In the water, the biodiversity is even more remarkable- around the coral reefs you can see turtles, squid and larger rays. Some of the reefs suffered bleaching thanks to El Nino and global warming but there’s still plenty of healthy coral to be seen. Further out in the blue, around some of the archipelago’s rocky outcrops, large pelagic fish come to feed – snorkelers have reported seeing Manta Rays, guitar sharks and since 2019, the occasional appearance of tiger sharks. The mangroves along the shore are home to numerous baby blacktip sharks and sting rays.
It’s said that getting there is half the fun on days when the Andaman Sea is anything other than perfectly calm, that’s a hotly debated topic. The speedboat ride from Kuraburi in Phangna Province takes about 90 minutes. If there are waves, it’s a bumpy disco ride with many travelers’ faces turning as green as the islands they pass along the way. For the most part it’s straight across dee blue open ocean – the Surin islands are 60 miles from the Thai mainland, though the tiny archipelago, is barely five kilometers from the Burmese border.
As the boat approaches the island chain, the water gradually changes color from deep impenetrable blue to green and finally to picture postcard perfect turquoise. The jungle rises as a solid wall of green out of the water and unlike almost anywhere else in Thailand, the scenery is not blighted by developments, bungalows or resorts. On Ko Surin, there are no roads, no motorized vehicles, no shops, no bars and no restaurants. Apart from national park structures, there are no buildings on the Surin islands. Visitors can avail themselves to a handful of bungalows, but most hardy travelers who make it out here, sleep in comfortable tents provided by the national park.
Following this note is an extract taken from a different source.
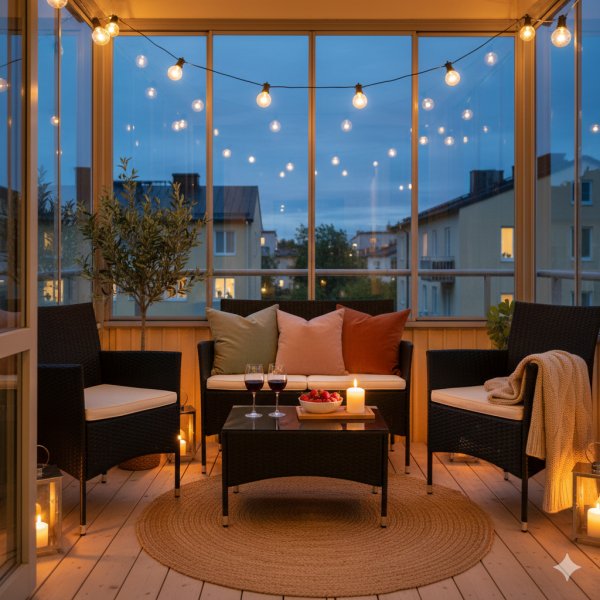 Pieni oleskelutila parvekkeelle | Lyfco Fj�llbacka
At Chong Kad, the park’s headquarters, day trippers from Khao Lak enjoy coffees and ice-creams before heading back to the mainland. An exhibition showcases the islands above and below sea attractions.
15 minutes further by long tail boat, Mai Ngam Bay is the more beautiful proposition. Stepping into the sunlight out of the jungle, most visitors get goosebumps as they soak up the perfection of one of the country’s last unspoiled spots.
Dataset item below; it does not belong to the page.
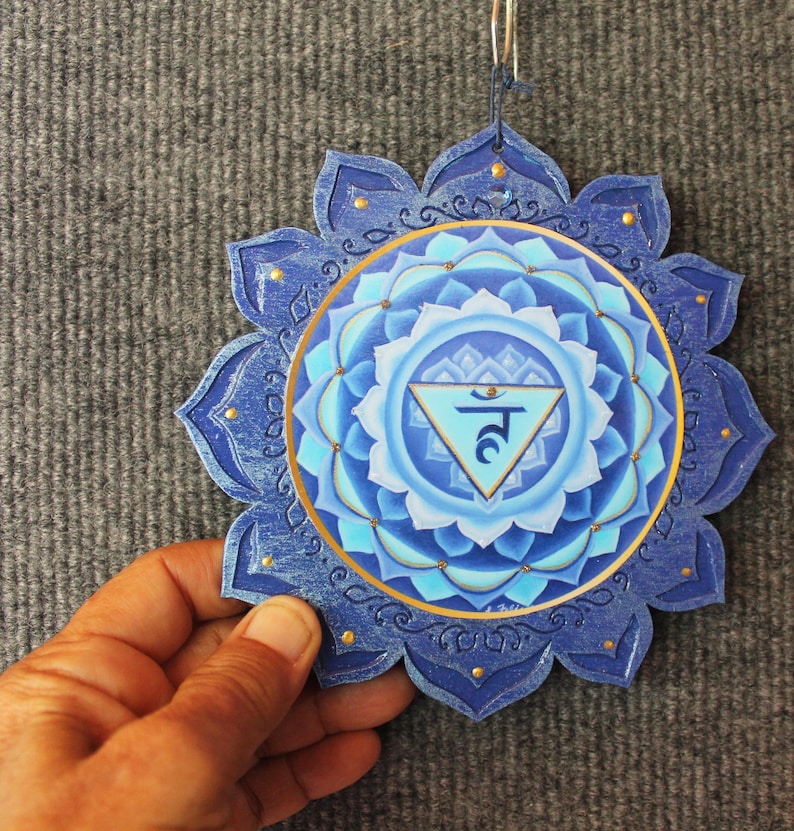 Throat Chakra Art: Blue Lotus Mandala, Reiki Healing Art bild 2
The long tail boats that ferry guests between beaches and to the coral reefs are captained by Moken, former sea nomads who traveled on so-called kabang, their houseboats, along the Andaman coast for centuries. Tourism development and Thailand’s insensitive policies towards stateless people have put an end to their wild free-wheeling lifestyle – though 5000 Moken subsist across the border in Myanmar, some still living on their vessels. During the 2004 tsunami, the Moken of Ko Surin saved 90 tourists, recognizing the wave that eats people for what it was from stories that were handed down from generation to generation. But the sea nomads lost their two villages and have since struggled with forced assimilation, which on the whole has not served them well. In the national park at least, they now live in one remote village community which many park guests visit, and are employed by the park authorities.
The relative lack of phone reception and electricity – the park switches on its generator for a few hours in the evenings – reinforces the initial impression of having arrived in a part of the world that stubbornly clings to a sense of remoteness. But this is quickly forgotten when thousands of cicadas start their concert in the late afternoon and the day burns out in a mad psychedelic blaze of celestial colors, giving way to a spectacular firmament.